Much Ado About Nothing Joss Whedon

Much Ado About Nothing Joss Whedon
It takes a particular sort of courage to adapt Shakespeare for the screen. After its necessity is questioned, the justification of the director's personal vision will be highly scrutinized. Moreover, it takes a special sort of humble whimsy to follow up one of the biggest films of all time (The Avengers) with a simple black & white comedy that appraises the pretence of using cynicism and naivety as impact barriers for the heart.

Genre wizard Joss Whedon (Serenity) demonstrates both qualities in his faithful, but playful take on the Bard's Much Ado About Nothing. Not a line of dialogue has been tweaked, but the setting of the romantic sparring has been updated to a pompous gathering of modern royalty and associated socialites. Just the dress, style of background music and the ability to show footage of an incident merely spoken of in the play, thanks to the magic of cell phone video, are different. Only the superficial has changed.

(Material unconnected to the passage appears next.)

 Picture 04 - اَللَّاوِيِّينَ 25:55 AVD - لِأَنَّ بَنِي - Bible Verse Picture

The jaded, defensive witticisms and ardent declarations of love are just as relevant as they've ever been, even if only a sampling of the comfortable cultural elite could get this caught up in titivating emotions. Whedon's keen, multifaceted sense of humour and ability to cleverly expose the tender hearts people try to hide behind their facades jive wonderfully with the comedic faux-tragedy of deceits driving the plot.

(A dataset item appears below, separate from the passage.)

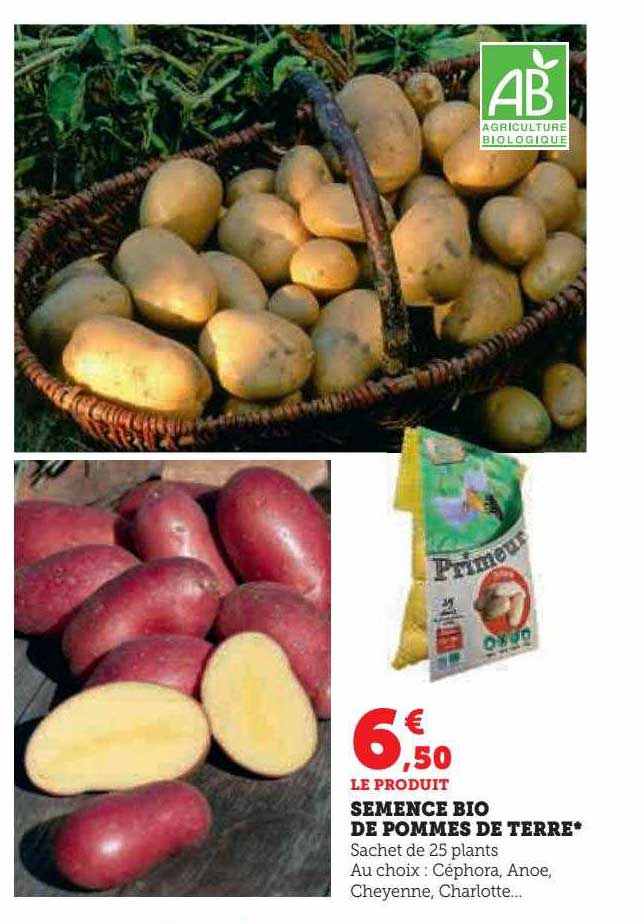sémence bio de pommes de terre
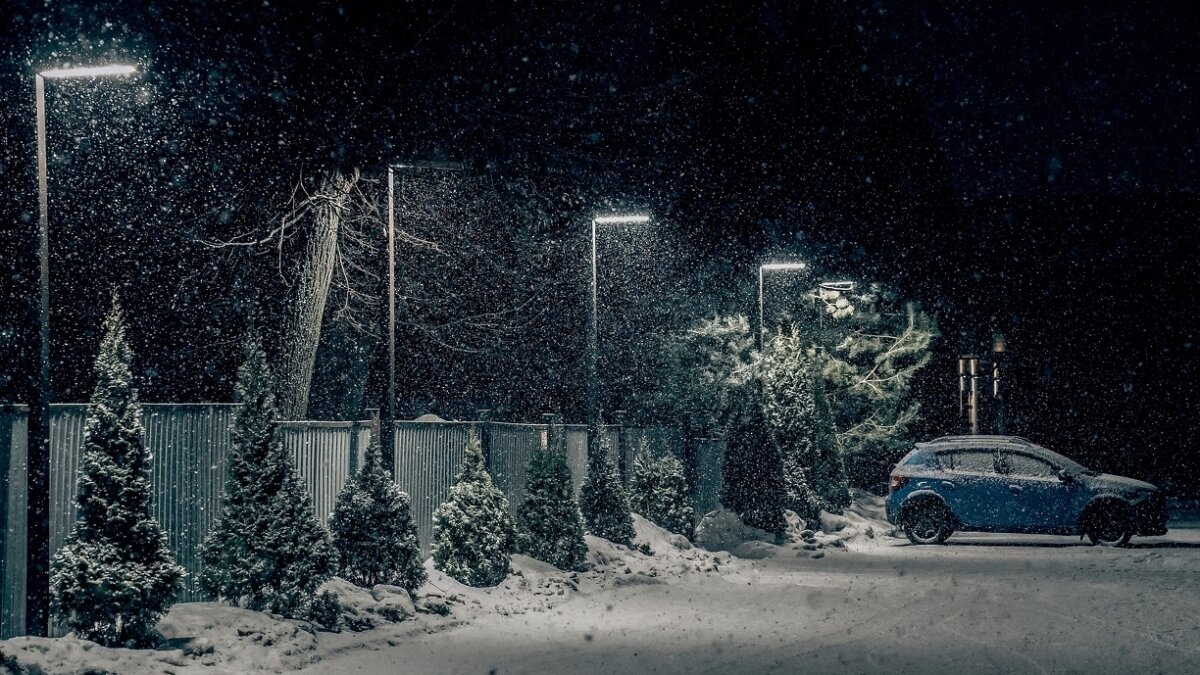 Светлана Мулыкина📷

Both in performances and filmmaking, this production is oozing with witty, laidback charm, which is likely a by-product of its intimate construction. Past Whedon collaborators populate the majority of the cast and he's chosen cherished supporting players to take centre stage.

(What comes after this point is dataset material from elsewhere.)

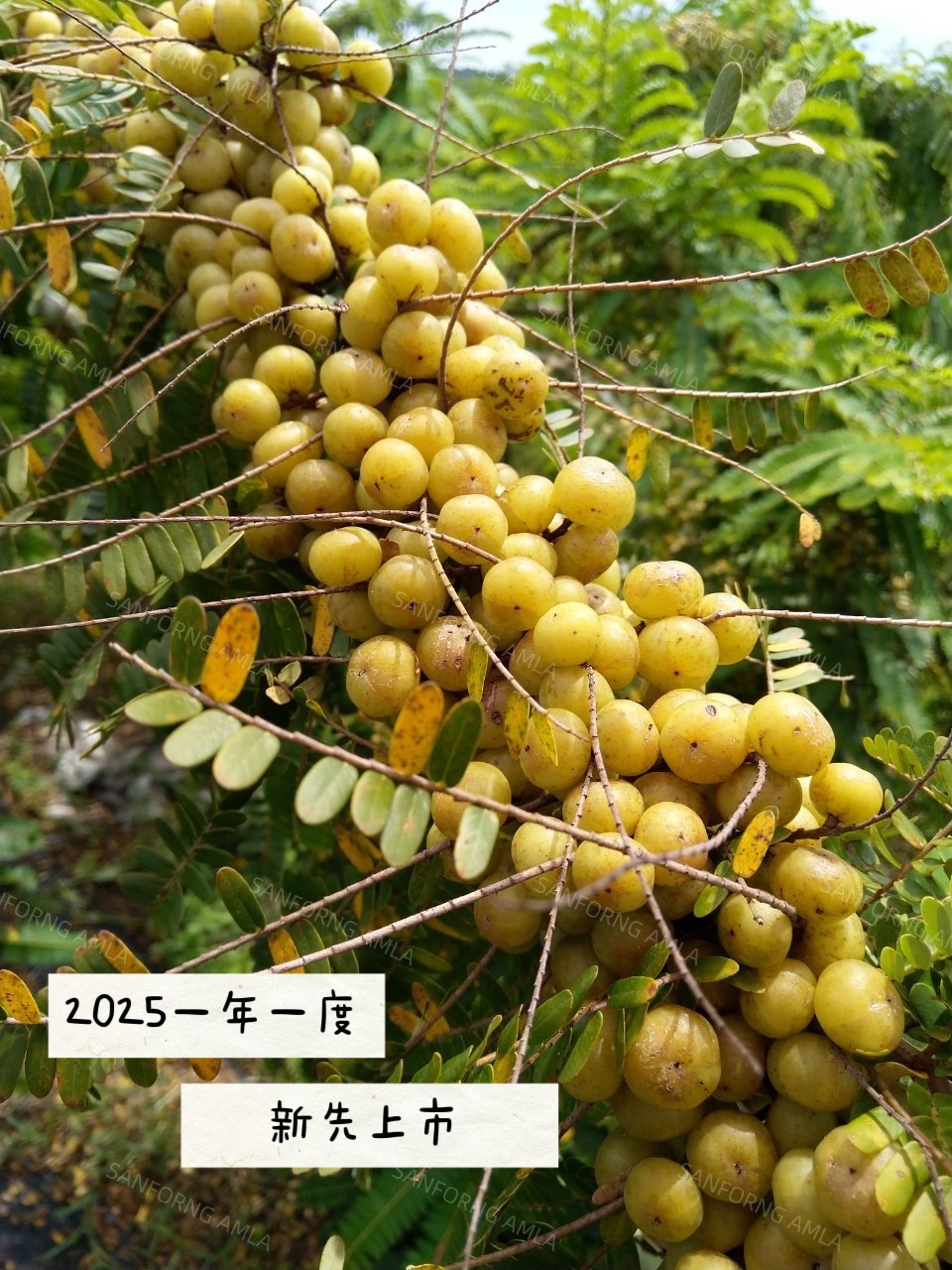 台灣 自產 自銷 小農 油甘果只能一箱5斤（3公斤）計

There are representatives from everything he's worked on, from team Angel, Amy Acker plays Beatrix against Alexis Denisoff's Benedick, to Firefly, a hilarious Nathan Fillion pursues Sean Maher as Dogberry and Don John, respectively. Representing both The Cabin in the Woods and Dollhouse is Franz Kranz as the lovelorn Claudio, while Dollhouse compatriot Reed Diamond plays the dangerously misled Don Pedro. Clark Gregg drops in from The Avengers camp to give life to Leonata. While the sole Buffy the Vampire Slayer alum is Tom Lenk, looking all kinds of ridiculous sporting a burly moustache and affecting a tough-cop stance as Dogberry's partner, Verges.

Everyone involved appears to be having a great time, especially Whedon, in his mischievous scene-setting and winking acknowledgement of the cumbersome phrasing of poetry as a manner of conversing as much as his loose, but poised direction of the exceptional cast.